_Assignment_
In the data below, the answer is the run of lines from the line containing "Kubki - BISK" through the line containing "Petal & Pup - Ana Pants - Black", both included; print it exactly and nothing else.

_Data to process_
--- START ---

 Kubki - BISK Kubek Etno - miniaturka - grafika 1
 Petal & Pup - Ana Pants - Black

--- END ---
--- START ---

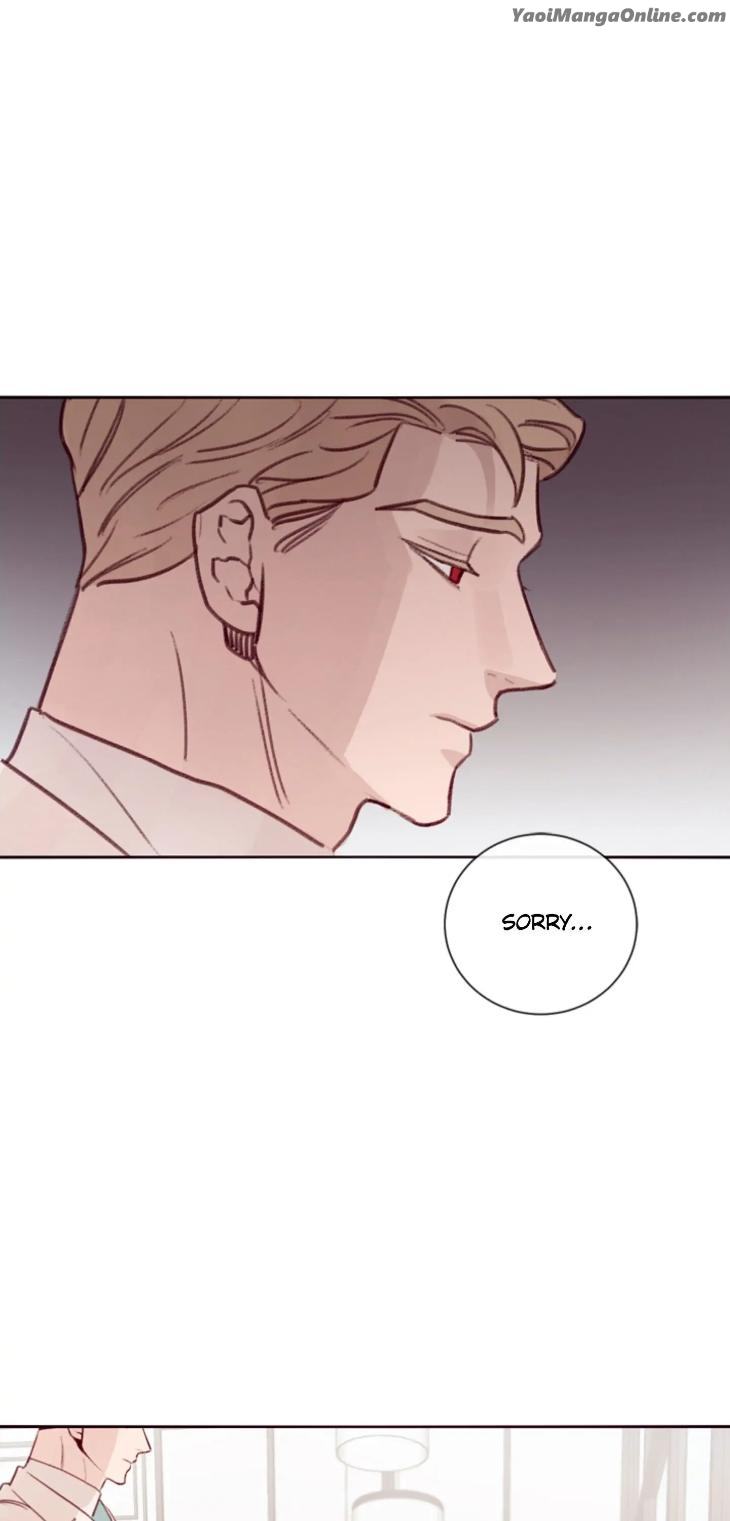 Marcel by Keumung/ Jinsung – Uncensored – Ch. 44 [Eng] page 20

--- END ---
--- START ---

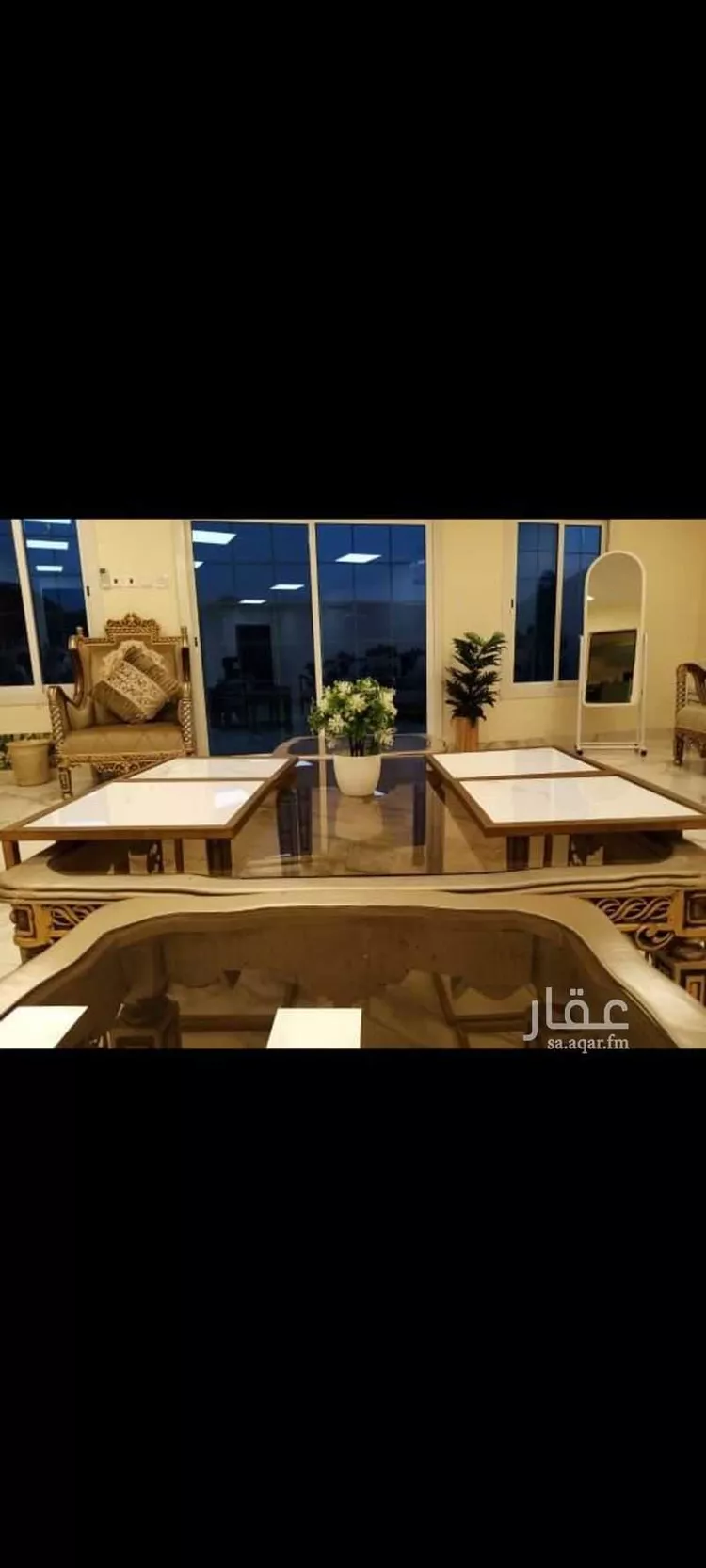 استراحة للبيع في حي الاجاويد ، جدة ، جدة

--- END ---

_Completed exercise_
 Kubki - BISK Kubek Etno - miniaturka - grafika 1
 Petal & Pup - Ana Pants - Black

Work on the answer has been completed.